Authors: Michael P. Robich MD , Alexander Iribarne MD , David Butzel MD , Anthony W. DiScipio MD , Harold L. Dauerman MD , Bruce J. Leavitt MD , Joseph P. DeSimone MD , Megan Coylewright MD , James M. Flynn MD, FACC , Benjamin M. Westbrook MD , Peter N. Ver Lee MD , Mina Zaky MD , Reed Quinn MD , David J. Malenka MD

Abstract

Background Valve‐in‐valve (ViV) transcatheter aortic valve replacement (TAVR) offers an alternative to reoperative surgical aortic valve replacement. The short‐ and intermediate‐term outcomes after ViV TAVR in the real world are not entirely clear.
Patients and Methods A multicenter, retrospective analysis of a consecutive series of 121 ViV TAVR patients and 2200 patients undergoing primary native valve TAVR from 2012 to 2017 at six medical centers. The main outcome measures were in‐hospital mortality, 30‐day mortality, stroke, myocardial infarction, acute kidney injury, and pacemaker implantation.
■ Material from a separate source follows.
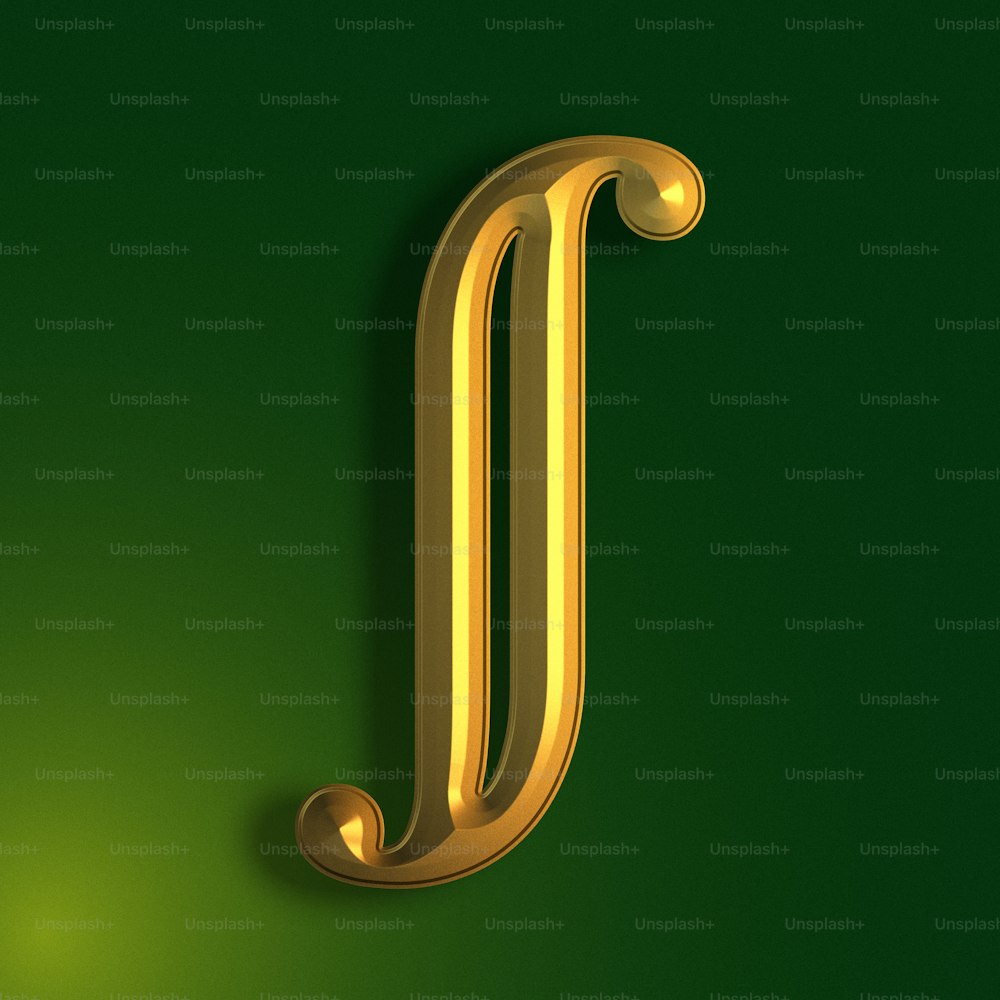 a gold letter j on a green background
Results ViV patients were more likely male, younger, prior coronary artery bypass graft, “hostile chest,” and urgent. 30% of the patients had Society of Thoracic Surgeons risk score <4%, 36.3% were 4%–8% and 33.8% were >8%. In both groups many patients had concomitant coronary artery disease. Median time to prosthetic failure was 9.6 years (interquartile range: 5.5–13.5 years). 82% of failed surgical valves were size 21, 23, or 25 mm. Access was 91% femoral. After ViV, 87% had none or trivial aortic regurgitation. Mean gradients were <20 mmHg in 54.6%, 20–29 mmHg in 30.6%, 30–39 mmHg in 8.3% and 40 mmHg in 5.87%. Median length of stay was 4 days. In‐hospital mortality was 0%. 30‐day mortality was 0% in ViV and 3.7% in native TAVR. There was no difference in in‐hospital mortality, postprocedure myocardial infarction, stroke, or acute kidney injury.
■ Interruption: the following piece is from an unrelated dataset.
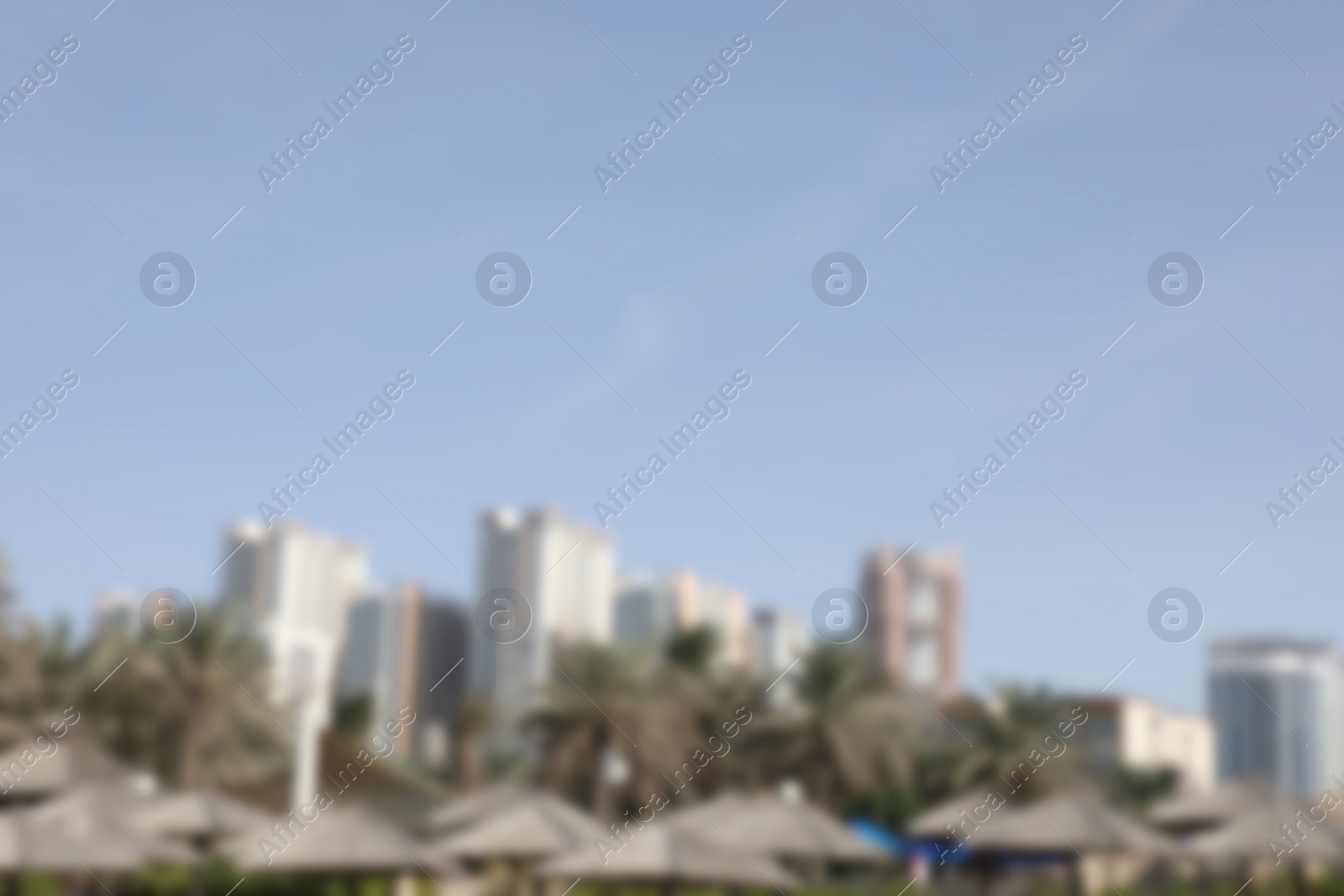 Photo of AJMAN, UNITED ARAB EMIRATES - NOVEMBER 04, 2018: Landscape with modern high buildings on sunny day, blurred view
Conclusion Compared to native TAVR, ViV TAVR has similar peri‐procedural morbidity with relatively high postprocedure mean gradients. A multidisciplinary approach will help ensure patients receive the ideal therapy in the setting of structural bioprosthetic valve degeneration.

Keywords: aortic valve replacement; cardiac catheterization/intervention; heart valve replacement; percutaneous; transapical; transcatheter.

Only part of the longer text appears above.